Rose--who was the stout woman--came early. She wore a purple dress, with a hat to match, and purple gloves. The ward eyed her with scorn and a certain deference. She greeted the Avenue Girl effusively behind the screens that surrounded the bed.
"Well, you do look pinched!" she said. "Ain't it a mercy it didn't get to your face! Pretty well chewed up, aren't you?"
"Do you want to see it?"
"Good land! No! Now look here, you've got to put me wise or I'll blow the whole thing. What's my little stunt? The purple's all right for it, isn't it?"
"All you need to do," said the Avenue Girl wearily, "is to say that I've been sewing for you since I came to the city. And--if you can say anything good----"
"I'll do that all right," Rose affirmed. She put a heavy silver bag on the bedside table and lowered herself into a chair. "You leave it to me, dearie. There ain't anything I won't say."
The ward was watching with intense interest. Old Maggie, working the creaking bandage machine, was palpitating with excitement.

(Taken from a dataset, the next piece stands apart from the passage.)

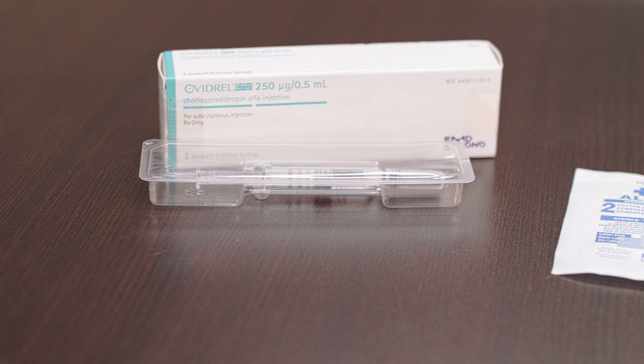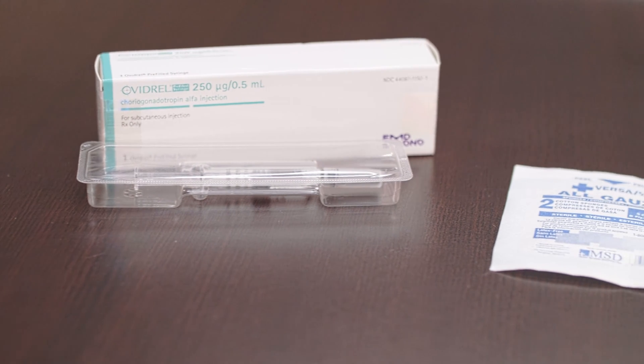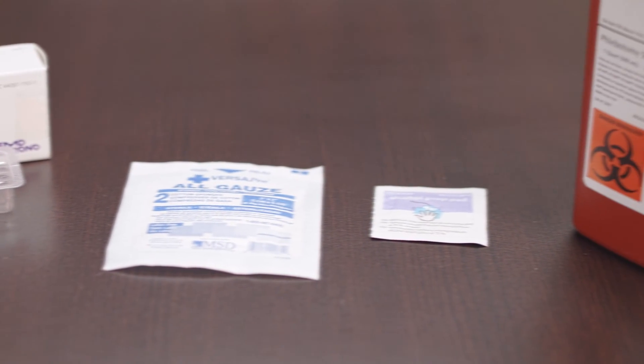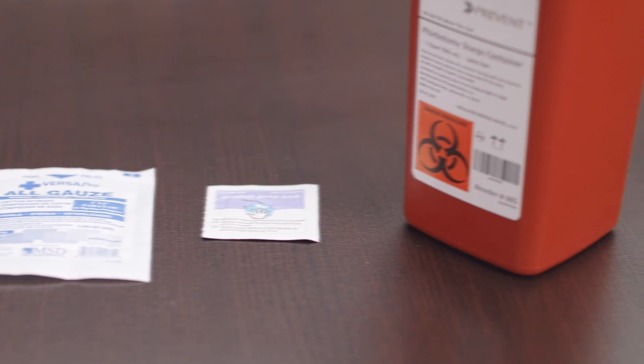First, you will need the following items: a sterile pre-filled Ovidril syringe, gauze, alcohol prep wipe, and a sharps container.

From her chair by the door she could see the elevator and it was she who announced the coming of destiny.
"Here comes the father," she confided to the end of the ward. "Guess the mother couldn't come."

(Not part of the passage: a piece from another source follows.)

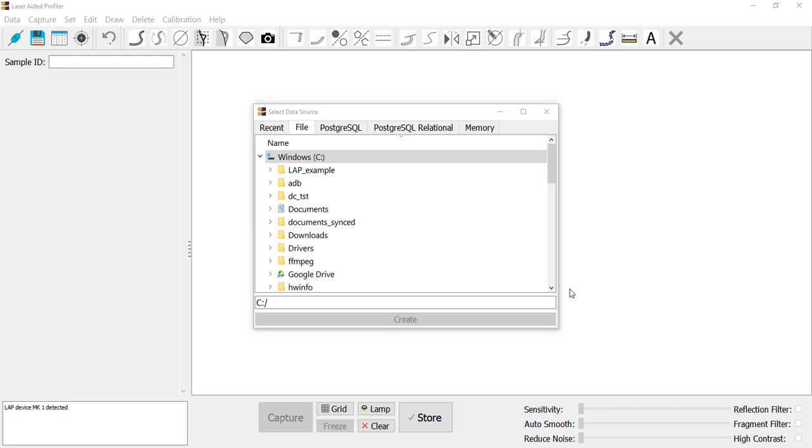Hi, this is Peter from the LAP team presenting a quick overview of the Laser Aided Profiler software with the basic functionality. When you open the software, the first thing you are presented with is a dialogue to select the data source.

It was not the father though. It was a young man who hesitated in the doorway, hat in hand--a tall young man, with a strong and not unhandsome face. The Probationer, rather twitchy from excitement and anxiety, felt her heart stop and race on again. Jerry, without a doubt!
The meeting was rather constrained. The girl went whiter than her pillows and half closed her eyes; but Rose, who would have been terrified at the sight of an elderly farmer, was buoyantly relieved and at her ease.
"I'm sorry," said Jerry. "I--we didn't realise it had been so bad.
The folks are well; but--I thought I'd better come. They're expecting you back home."
"It was nice of you to come," said the girl, avoiding his eyes.
"I--I'm getting along fine."
"I guess introductions ain't necessary," put in Rose briskly. "I'm Mrs. Sweeney. She's been living with me--working for me, sewing.
She's sure a fine sewer! She made this suit I'm wearing."
Poor Rose, with "custom made" on every seam of the purple! But Jerry was hardly listening. His eyes were on the girl among the pillows.
"I see," said Jerry slowly. "You haven't said yet, Elizabeth. Are you going home?"
"If--they want me."
"Of course they want you!" Again Rose: "Why shouldn't they? You've been a good girl and a credit to any family. If they say anything mean to you you let me know."
"They'll not be mean to her. I'm sure they'll want to write and thank you. If you'll just give me your address, Mrs. Sweeney----"
He had a pencil poised over a notebook. Rose hesitated. Then she gave her address on the Avenue, with something of bravado in her voice. After all, what could this country-store clerk know of the Avenue? Jerry wrote it down carefully.
"Sweeney--with an e?" he asked politely.
"With three e's," corrected Rose, and got up with dignity.
"Well, good-bye, dearie," she said. "You've got your friends now and you don't need me. I guess you've had your lesson about going to sleep with a cig--about being careless with fire. Drop me a postal when you get the time."
She shook hands with Jerry and rustled and jingled down the ward, her chin well up. At the door she encountered Old Maggie, her arms full of bandages.
"How's the Avenue?" asked Old Maggie.
Rose, however, like all good actresses, was still in the part as she made her exit. She pa.s.sed Old Maggie unheeding, severe respectability in every line of her figure, every nod of her purple plumes. She was still in the part when she encountered the Probationer.
"It's going like a house afire!" she said. "He swallowed it all--hook and bait! And--oh, yes, I've got something for you." She went down into her silver bag and pulled out a roll of bills. "I've felt meaner'n a dog every time I've thought of you buying that parrot. I've got a different view of life--maybe--from yours; but I'm not taking candy from a baby."